Science
How Strong Is a Chimpanzee?
The bone-crushing power of the apes has been greatly exaggerated.
How Strong Is a Chimpanzee?
The bone-crushing power of the apes has been greatly exaggerated.
By John Hawks (Slate)
After last week's chimpanzee attack in Connecticut, in which an animal named Travis tore off the face of a middle-aged woman, primate experts interviewed by the media repeated an old statistic: Chimpanzees are five to eight times stronger than people. The literature—or at least 19th-century literature—concurs: Edgar Allan Poe's fictional orangutan was able to hurl bodies and pull off scalps. Edgar Rice Burroughs' fictional anthropoid apes were likewise possessed of remarkable strength. Even Jules Verne's gentle ape, Jupiter, had the muscle to drag a stuck wagon from the mire.
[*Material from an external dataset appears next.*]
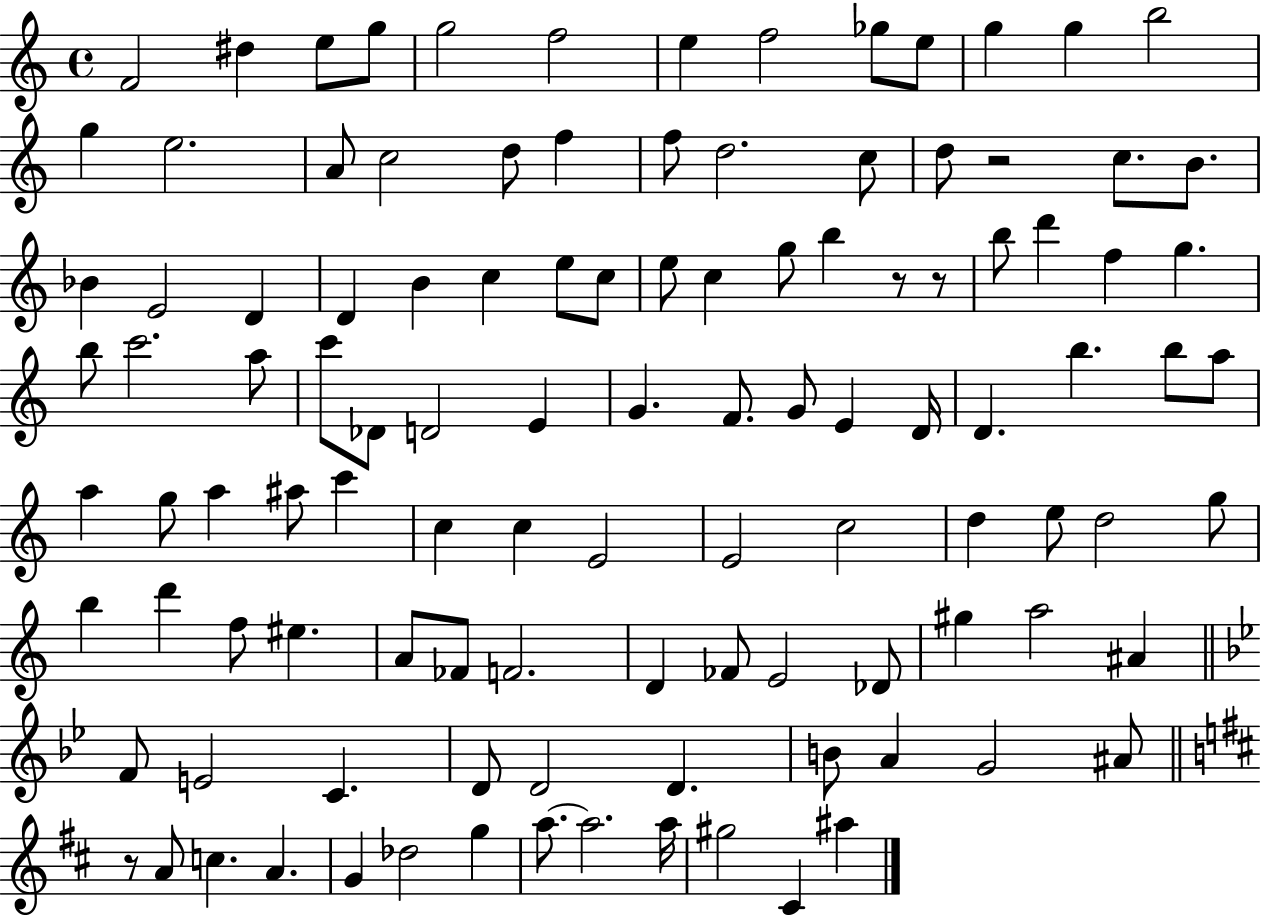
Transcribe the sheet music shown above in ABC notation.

Pulled scalps? Unstuck wagons? No doubt, chimpanzees are different from us. Their climbing lifestyle accentuates the need for arm strength. A chimp on four legs can easily outrun a world-class human sprinter. But it sounds extreme to suggest that humans are only an eighth as strong as chimpanzees. Consider that a large human can bench-press 250 pounds. If the "five to eight times" figure were true, that would make a large chimpanzee capable of bench-pressing 1 ton. It's just the sort of factoid the zoo staff might tell you to keep you from knocking on the glass.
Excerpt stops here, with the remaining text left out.